O oficio, enviado na semana passada, solicita a isenção do pagamento. “O nosso entendimento é que a emissão do CRLV gerava um custo operacional que justificava a existência da taxa, mas se agora o documento é on-line não faz mais sentido a cobrança”, explicou Nascimento.

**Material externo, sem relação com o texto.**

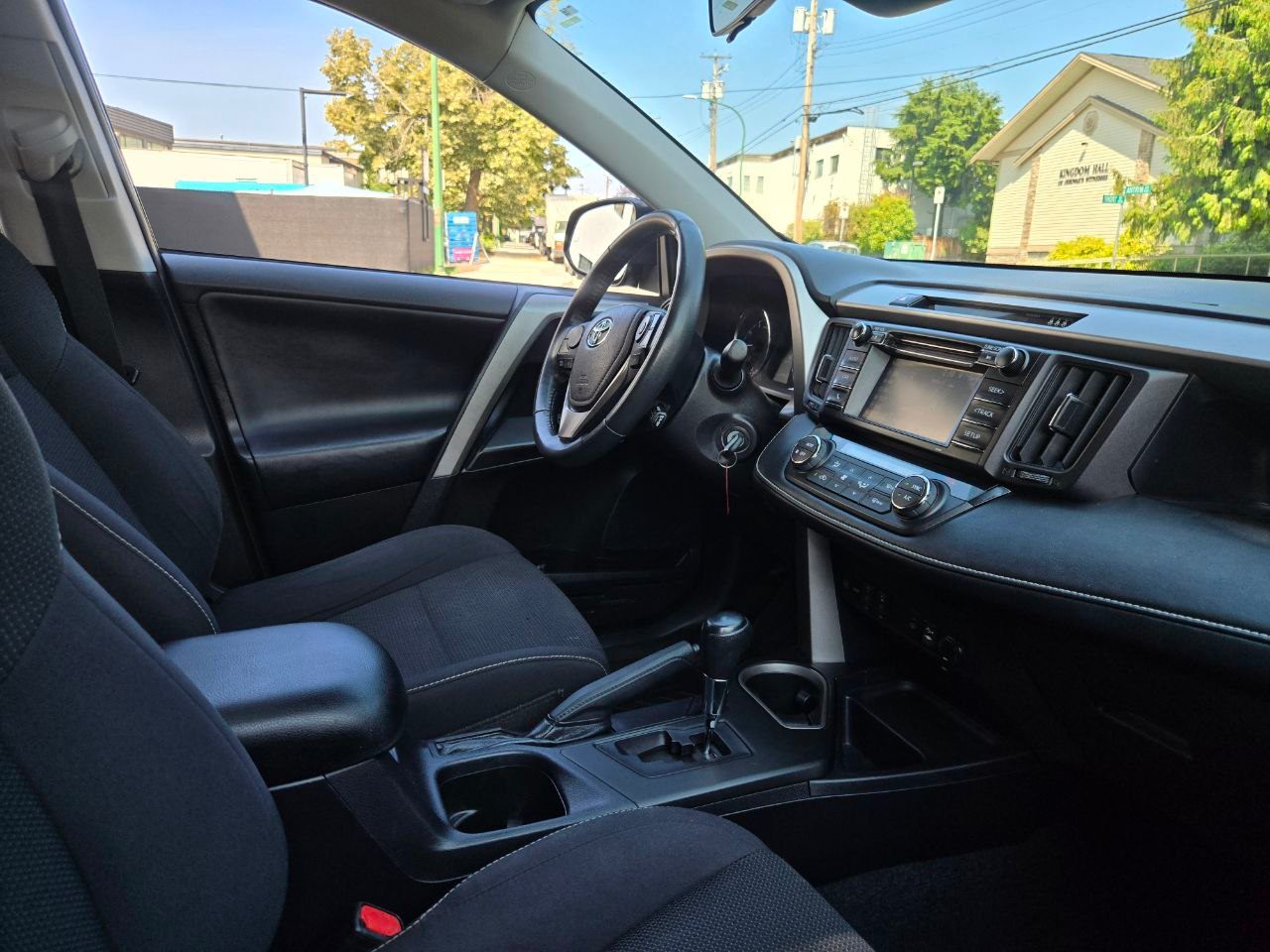 /alphaautoaccessltd/2017-Toyota-RAV4-0775619075169156.jpg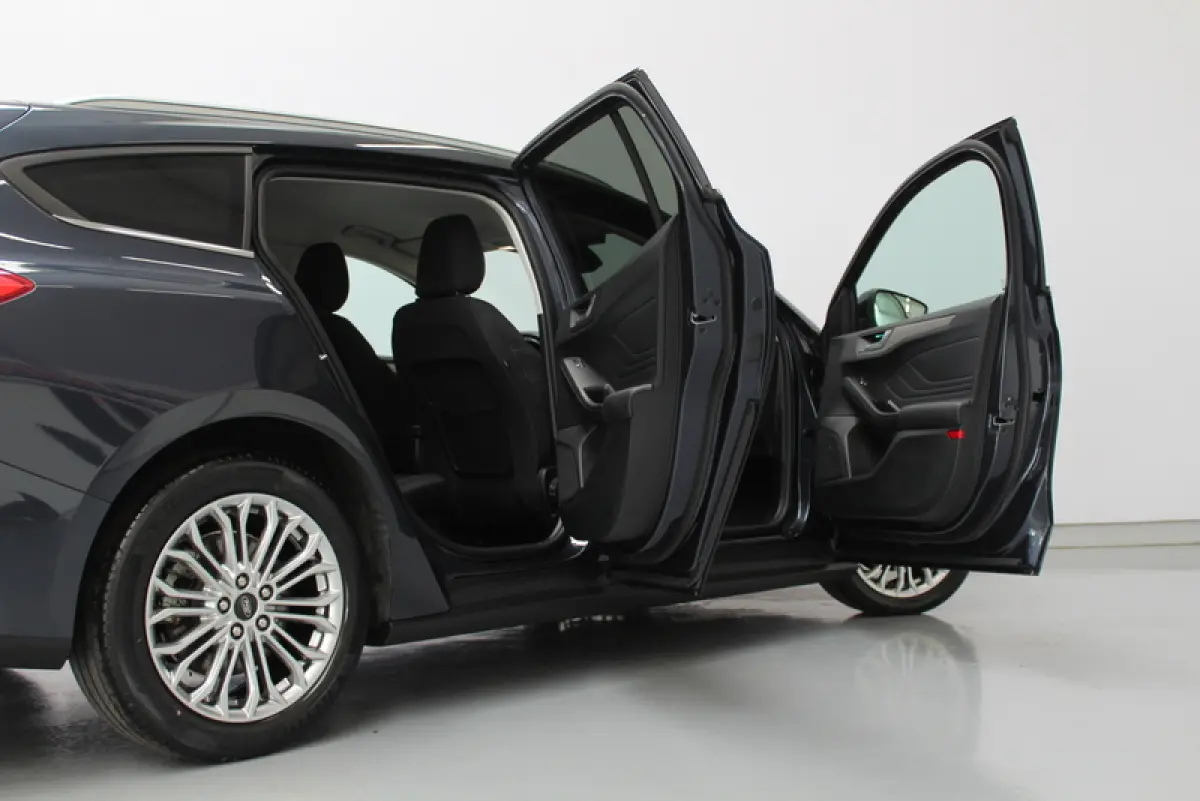 1.0 EcoBoost Titanium Business 126PK, RIJKLAAR | STUUR/STOEL/RUITVERWARMING | NAVIGATIE | CRUISE CONTROLE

O parlamentar ainda destacou que assim que Assembleia Legislativa voltar às atividades normais ele irá apresentar um projeto de lei solicitando o cancelamento da cobrança da taxa de Licenciamento anual veicular.

Pagamento

A data limite para o pagamento da Taxa de Licenciamento sem a incidência de juros e multas é 31 de março. Após essa data. Após o prazo, será cobrado multa de 0,15% ao dia até o trigésimo dia de atraso; 9%, do trigésimo primeiro ao sexagésimo dia de atraso; e 12% após o sexagésimo dia de atraso. Para o cálculo do juros de mora, aplica-se o índice referencial da Selic estabelecido mensalmente pelo Banco Central do Brasil.